Several years ago, I was in a play, "The King and I." Being the Caucasian I am, you'd think I was likely the lead, Anna. However, I was not. I was one of the wives. Our King also was Caucasian. Our community is 88.5% white according to demographic data. During that show, the King shaved his head to fit the part. We wives etc. made our hair dark if it wasn't already a dark brown/black--I dyed mine black. I never intend to do that again; not a flattering look on me at all. We also used make up to cover up the dark circles and pull our eyes forward so they didn't look so sunken and well, let's be honest, Caucasian. We did not do any kind of elaborate make up that involved stereotypes--think Mickey Rooney in Breakfast at Tiffany's. Although, I do cringe a little at the thought of trying to flatten my features and fit into a more Asian presentation; honestly, probably not the best show to choose in a town like mine. Theater is all about illusion. Illusion of costume, make up, and paint. However, our make up choices also walk a fine line of what some might refer to as white privilege--choosing a show that has so many roles for Asian actors and then filling those roles with white people. We did have one actual Thai actress. One.
I love this movie, but this part is cringe-worthy.

Another experience I mull over when I think about my white privilege involves a performance at a cultural fair. My belly dance troupe was invited to perform. We followed a speaker from India. Our troupe often support each other with ululation and saying things like "Yallah!" The speaker was quite offended. I'm not entirely sure if he thought we were saying "Allah!" or what, but he told our leader that we should not say that as it is taking the Lord's name in vain, except we weren't. I had always believed yallah to be a celebratory phrase. It was something to cheer the other dancers and maybe make him or her move faster in their dance. This Indian fellow though was adamant that we were being rude and insensitive, which would be totally out of place at a cultural fair where the goal is to build connections and appreciation for other cultures. I didn't want to offend audience members, so I did a little digging. I couldn't find anything to support the idea that "yallah!" would be offensive, so I let it go.
Maybe we were articulating too many l's. 

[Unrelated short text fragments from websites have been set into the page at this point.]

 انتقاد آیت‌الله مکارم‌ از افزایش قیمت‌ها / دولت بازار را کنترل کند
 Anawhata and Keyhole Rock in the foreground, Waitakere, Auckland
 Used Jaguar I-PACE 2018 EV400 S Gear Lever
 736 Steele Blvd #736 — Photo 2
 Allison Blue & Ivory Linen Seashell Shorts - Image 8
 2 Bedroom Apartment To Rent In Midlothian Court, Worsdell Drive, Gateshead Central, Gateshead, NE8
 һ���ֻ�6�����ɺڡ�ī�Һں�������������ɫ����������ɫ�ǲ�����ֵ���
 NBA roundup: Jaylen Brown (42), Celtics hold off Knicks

Similar in subject to that, I sometimes think about an article I read that ranted about white belly dancers; I had to keep my knee-jerk potentially white privilege reaction in check. The author stated she despised white belly dancers who were stealing gigs in the Middle East and who were doing nothing more than wearing too much kohl eyeliner and performing in "brown face." I grappled a lot with trying to see things from her point of view. Belly dance comes in a wide variety of styles now. There are fusion, tribal, Egyptian cabaret, Turkish, American cabaret, and a host of others. As one of the oldest--if not the oldest--form of dance in the world, it's gone through countless incarnations and spread all over the globe. While some dancers remain covered in full-length caftans, others like me wear bedlah sets. Ultimately, I had to conclude that while the person clearly had strong feelings about the subject, I couldn't accept what I do as privilege and appropriation. I'm sure she'll never want to see us perform at the restaurant here, but art forms of all kinds evolve and change over time. As we move toward a more global society and a less tribal species, saying one race cannot engage in an art form smacks of divisive thinking. An online acquaintance who happens to be an anthropologist pointed out that the key is to be respectful in the presentation. I agree; I would no sooner apply darker make up thereby mocking the situation like the black face performers of old than I would show the bottom of my feet while dancing at the restaurant because that offends the Greek population who frequent the location. I think keeping the style and technique respectful is important. I'm not going to apologize for being a white belly dancer, though. I love it. I am eternally grateful for having the chance to learn this dance for all of the wonderful details it has brought into my life. Instead of "sorry," I say "thank you" to those first belly dancers who brought the "abdominal gyrations" to the World's Fair. I am thankful that belly dance was shared with the world.
This is a belly dancer.

So is this.

Them, too.

A year ago, I sat at a table with my husband and his two brothers. We were talking politics and the backlash against President Obama came up. One brother posed the question along the lines of how it's obvious that the blow back and opposition is driven by racism. I commented that I didn't "know" that to be true. When I say I "know" something, I've considered it deeply. I had not, at that point, truly considered the idea of racism against our president. While I knew there was definitely a contingent of racism, I felt that chalking it up to racism only was a little too simplistic. Maybe I just wanted to believe better about our country's leaders. I still think it's a complicated issue that goes beyond racism, but I can say that racism is most definitely a factor. Some might say my initial reluctance to agree immediately is my white privilege talking.  Maybe.
I don't think that's quite how it works.

But it's truly mind-boggling that we haven't grown beyond it yet. This is a nation founded on being a melting pot. It's also a nation built on eradicating indigenous people in order to take over. It's a tangled web to unwind; it's not likely to be spun into silk any time soon either. It's one I wish more people considered rather than dismissing outright. For my part, I will continue to consider my reactions to race related issues to determine how much my privilege is in play. May others find their way to do the same.